Device Oversubscription
Module author: René Widera
By default the strategy to execute PIConGPU is that one MPI rank is using a single device e.g. a GPU. In some situation it could be beneficial to use multiple MPI ranks per device to get a better load balancing or better overlap communications with computation.
Usage
Follow the description to pass command line parameter to PIConGPU.
PIConGPU provides the command line parameter --numRanksPerDevice
or short -r
to allow sharing a compute device
between multiple MPI ranks.
If you change the default value 1
to 2
PIConGPU is supporting two MPI processes per device.
Note
Using device oversubscription will limit the maximal memory footprint per PIConGPU MPI rank on the device too
<total available memory on device>/<number of ranks per device>
.
NVIDIA
Compute Mode
On NVIDIA GPUs there are different point which can influence the oversubscription of a device/GPU.
NVIDIA Compute Mode
must be `Default
to allow multiple processes to use a single GPU.
If you use device oversubscription with NVIDIA GPUs the kernel executed from different processes will be serialized by the driver,
this is mostly describing the performance of PIConGPU because the device is under utilized.

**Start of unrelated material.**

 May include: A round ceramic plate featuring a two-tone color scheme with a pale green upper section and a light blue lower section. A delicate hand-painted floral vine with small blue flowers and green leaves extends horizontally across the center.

Multi-Process Service (MPS)
If you use NVIDIA MPS and split one device into 4
you need to use
--numRanksPerDevice 4
for PIConGPU even if MPS is providing you with 4
virtual gpus.
MPS can be used to workaround the kernel serialization when using multiple processes per GPU.
CPU
If you compiled PIConGPU with a CPU accelerator e.g. omp2b, serial, tbb, or threads device oversubscribing will have no effect. For CPU accelerators PIConGPU is not using a pre allocated device memory heap therefore you can freely choose the number of MPI ranks per CPU.